First, an image synthesis strategy has been presented that generates virtual views at arbitrary points
using interpolation and extrapolation from a sparse set of images. The traditional work on view
synthesis using interpolation has been extended and it has been shown that view extrapolation can be
done as easily as interpolation. Moreover, certain scenarios have been identified like planar and/or
multi-planar scenes and pure rotational camera motion for image capture that allow direct retrieval
of the underlying mapping function between the images and hence leading to even more simplified
image extrapolation. The major issues and factors affecting the accuracy of generation have been
explored and suggestions are presented to improve the virtual view quality.

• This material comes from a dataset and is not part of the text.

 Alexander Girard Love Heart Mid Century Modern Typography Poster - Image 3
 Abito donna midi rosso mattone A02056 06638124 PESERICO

Next, an approach is presented to generate a model for multi-view object recognition. A view-
centered model is generated using either a video sequence or a sparse set of images captured around
the object following arbitrary and unconstrained camera trajectory. It does not require any prior
knowledge of camera parameters and positioning or motion of object and/or camera. The model thus
generated is quite dense with a lot of redundant images. Thus the virtual view generation strategy is
applied to identify the redundant images and remove them. This results in a model that is
computationally economical in terms of space and time. Next, for testing or recognition, the model is
used in conjunction with a video sequence which provides information of multiple views of the
object and thus increases the confidence measure of results. The model is robust in that it captures
the topological structure of the objects from multiple viewpoints allowing the use of a video
iiisequence rather than a single test image for object recognition. No constraint has been placed on
camera and/or object motion while capturing the video.

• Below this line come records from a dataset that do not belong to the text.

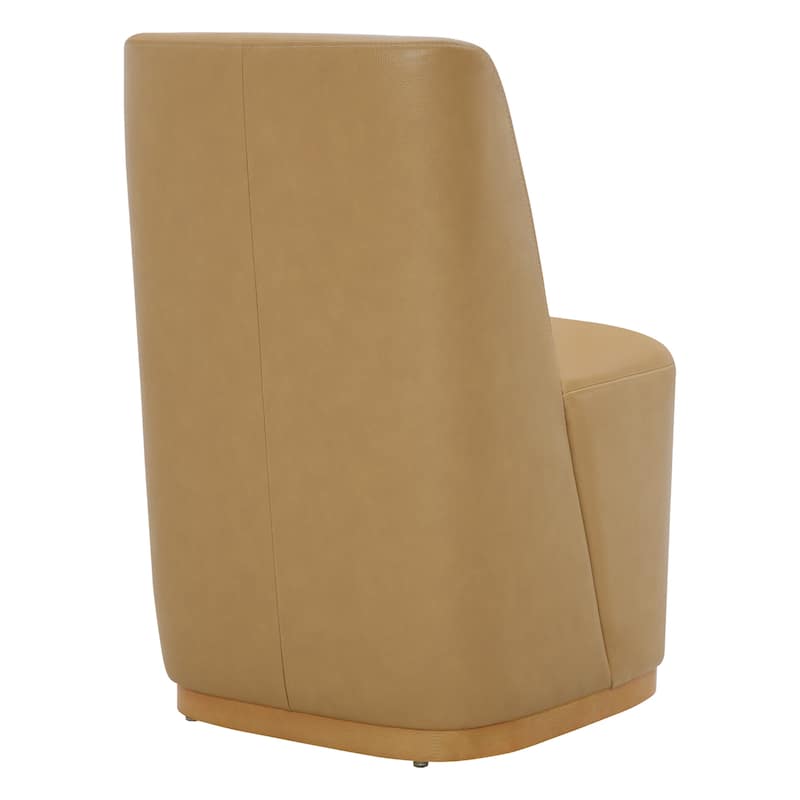 Brian Modern Dining Chairs with Casters&Wood Base Set of 2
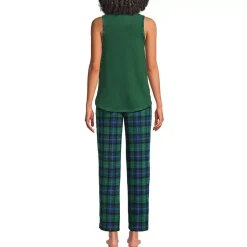 Women's Brushed Cozy Waffle Jersey 3 Piece Pajama Set - Tank Top Pant and Robe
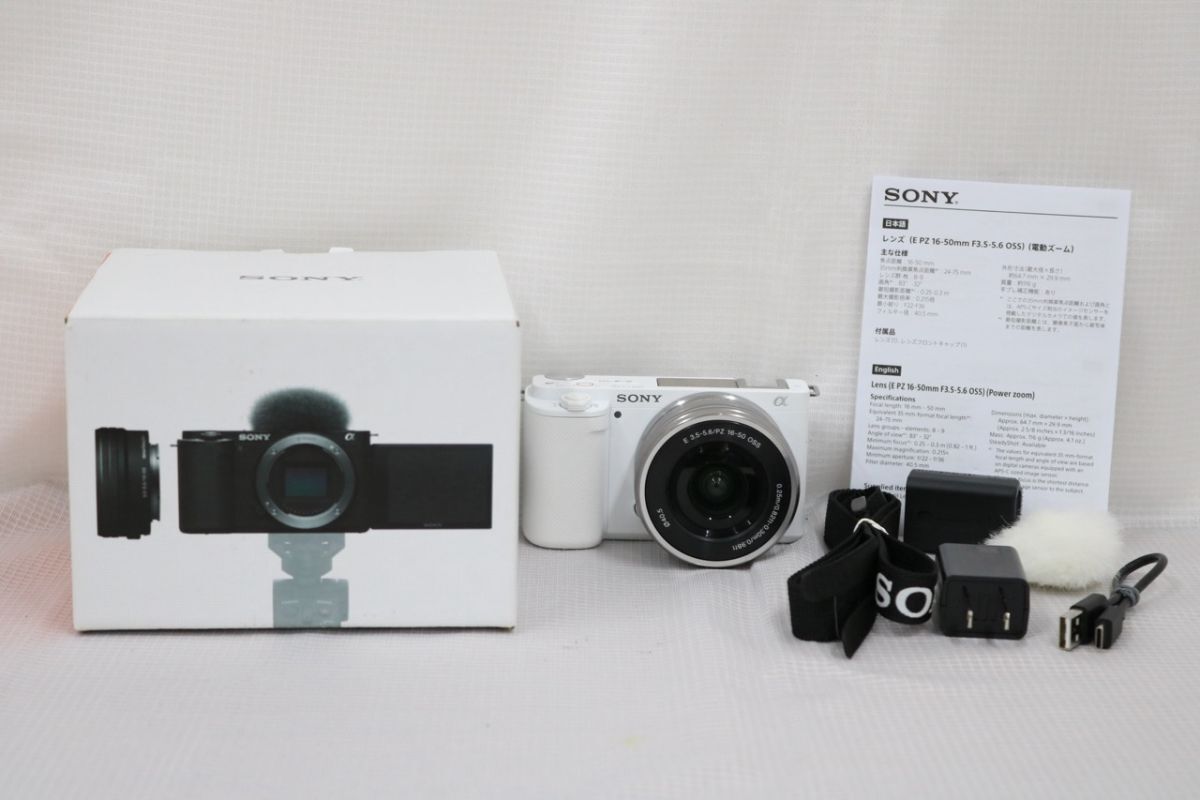 【美品 返品保証】 【シャッター492回】ソニー Sony ZV-E10 ホワイト E PZ 16-50mm F3.5-5.6 OSS ミラーレス一眼 e8307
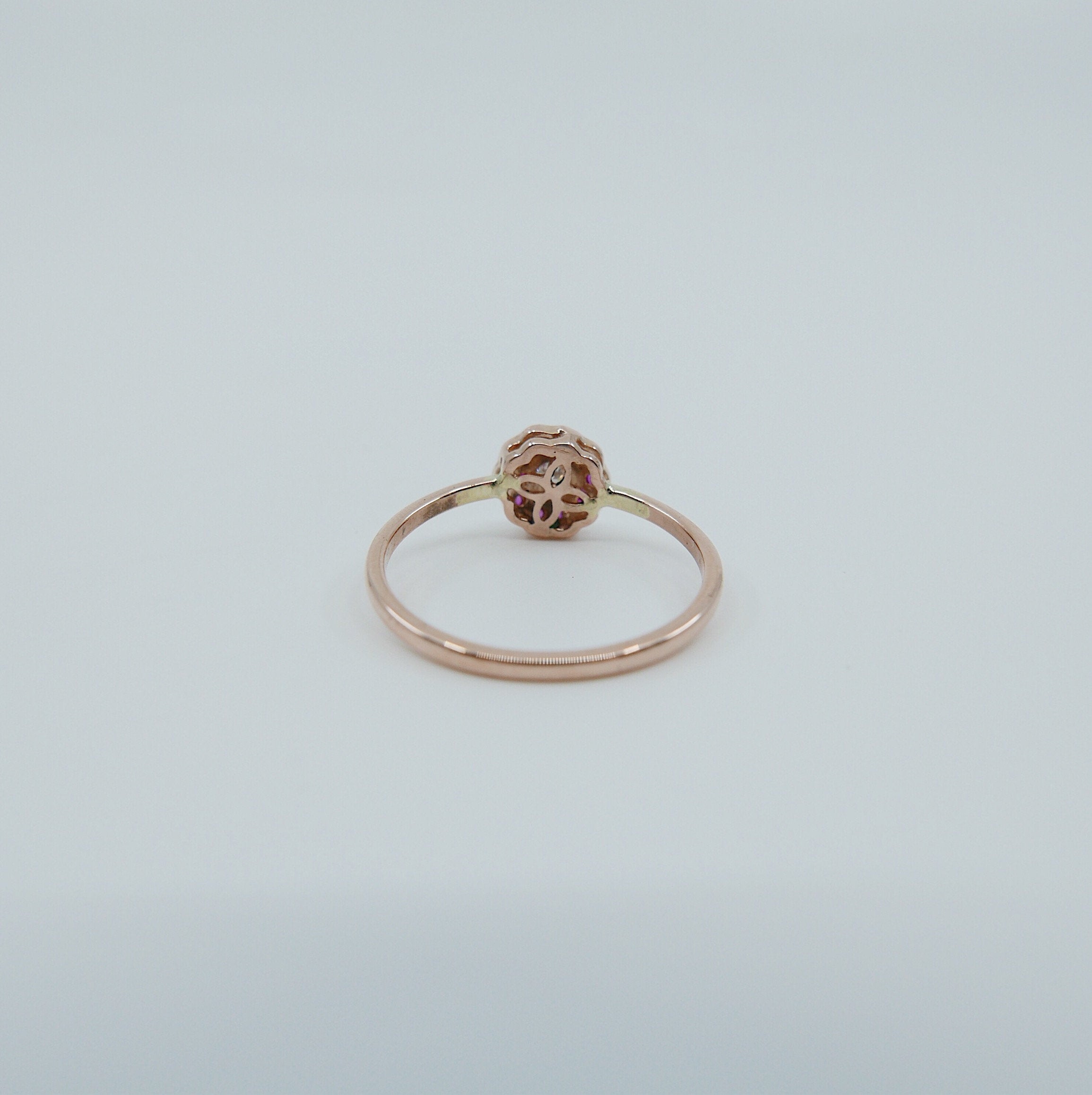 Flora Ruby ring, Gold Ruby flower ring, 14k gold ruby and diamond cluster ring, alternative engagement ring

Next, an approach for video-based multi-view object classification is presented. For each object
instance of a particular category, a neighborhood graph-based model is generated using the set of
input images which are arranged in a manner that highlights the underlying topological structure.

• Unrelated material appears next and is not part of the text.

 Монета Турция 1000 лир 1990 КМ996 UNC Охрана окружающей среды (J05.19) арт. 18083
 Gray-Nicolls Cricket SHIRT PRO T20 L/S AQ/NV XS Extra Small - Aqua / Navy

Again, no constraint is placed on the motion and placement of the object and camera during image
capture. Moreover no prior knowledge of positioning or parameters of camera is desired. The view
synthesis algorithm is used to identify the redundant images in the model and remove them to give a
computationally economical model in terms of space and training time. The independent graphs of
the different instances of the object category are then merged by automatically identifying the
corresponding viewpoints across them. The strength of this approach is that it allows object
categorization from multiple viewpoints while eliminating the need of manual alignment of common
viewing angles across object instances. Another strength is that the video sequences have been used
for object classification, instead of images, which increases precision of results.